Big head, long tail

Artigo
12/06/2010

Here's a graph of the population size of the one hundred largest urban areas in Canada: (Click on the graph for a larger version.)

Notice how there is an enormous spiky "head" on this graph: Toronto, Montreal and Vancouver are quite large cities by any measure. Then there is an immediate sharp drop to a mass of a dozen or so largish urban areas, including my home region of Kitchener-Waterloo-Cambridge. And then there is a very long tail. The most populous urban area with five million people is about 200 times larger than the 100th, with about 25 thousand people. Were we to extend this list out to the next hundred urban areas you can imagine that tail growing ever fainter and more indistinct.

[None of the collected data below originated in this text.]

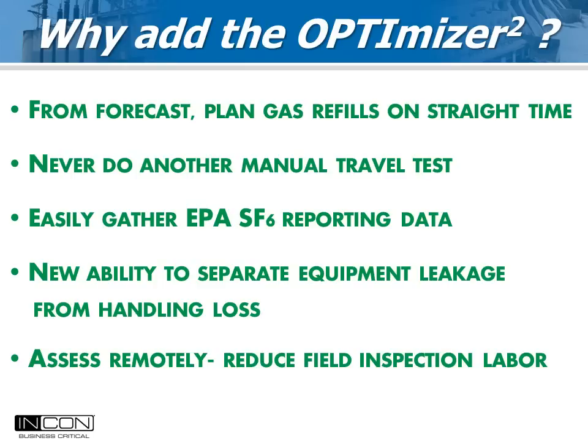Why add the Optimizer 2 to a new circuit breaker? Today's breakers are so good that only a few measured parameters are needed to gauge their health. Using forecast info, gas refills can be planned when convenient and least costly. Gas emissions from leaking equipment can be recorded remotely and kept separate from handling losses. By assessing gas parameters remotely, the labor of a field inspection will be reduced.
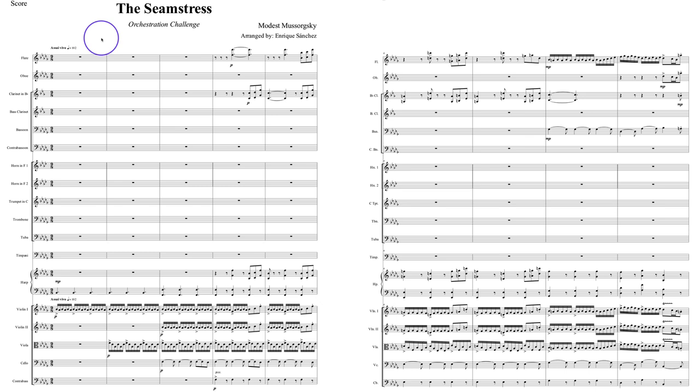It's a sunny weekday morning here in New Zealand, and I'm very happy to bring you the first of our Patreon entrants here to the 2019 Orchestration Challenge, using Mussorgsky's The Seamstress as our material. I really love this first entry, and I really like the way Enrique changes the harmonic context, which is something I haven't seen yet in the scores that I have evaluated so far.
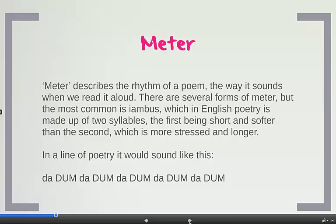So if I read it out loud to you, I'm sure you'll recognise it straight away. It sounds like this: da-dum, da-dum, da-dum, da-dum, da-dum.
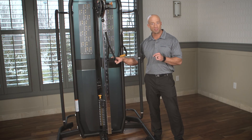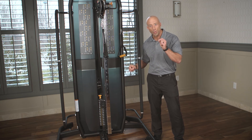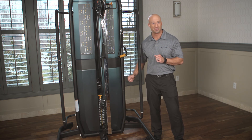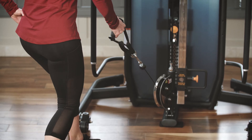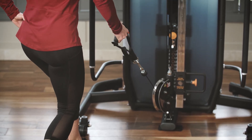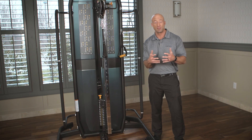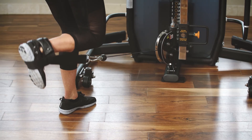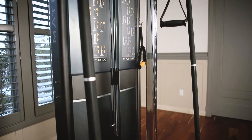We also have an optional increment weight system that allows you to go in one-pound increments all the way through the entire stack from top to bottom. So you have the ability to have progression and growth, and clearly identified markings for therapists to be able to write down and capture the amount of weight people are using. So while it's a very versatile and simple machine, it has some very unique features that allow it to apply in a lot of different markets.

It is very hard to read a graph like this, where there is a difference of a factor of 200 between the largest and smallest datum and the data are for the most part all crammed up against the axes. When data span multiple orders of magnitude it is a good idea to plot it on a log scale. I'm also going to abandon the bar chart format; even though this is not continuous data, let's plot it as a line:

OK, that's easier to read. We still get the idea that there's a big head here followed by a long tail, but because we've made the "thin" bits much "thicker" it is easier to see what is going on. Making the vertical axis logarithmic works out well. What gets really interesting though is if we make the horizontal axis also logarithmic. (Again, remember, this is not actually continuous data and there are only ten discrete data points in the left half of the graph, and the remaining ninety in the right half.) Notice how even though we are cramming most of the data points into a much smaller space, subtle details are even easier to read in the log-log scaling than the log scaling:

It is almost a straight line! And how I love straight lines on log-log charts! You know what that original graph resembles? That thing sure looks like a hyperbola. Let's graph that against an actual hyperbola, which of course is a straight line (of slope -1) on a log-log chart. Here I've added the hyperbola y = 4000000 / n :

Uncanny! To a reasonable approximation, the population of the nth largest urban area in Canada has 1/n of the population of the largest area.

I also grabbed from Wikipedia a list of approximate sales figures of the hundred best selling books. If we graph those figures (in millions) on a log-log scale against a hyperbola we get:

The first few data points are outliers, partly because the records of worldwide book sales from the last two centuries are not accurate and partly because at the top end there are only so many purchases of The Lord of the Rings that weren't accompanied by a purchase of The Hobbit. Frankly, 200 million copies of Dickens seems very low. But the rest of the data certainly seems to at least roughly conform to our long tail. Again, to a reasonable approximation the sales numbers of the nth most popular book are 1/n of the sales of the most popular book.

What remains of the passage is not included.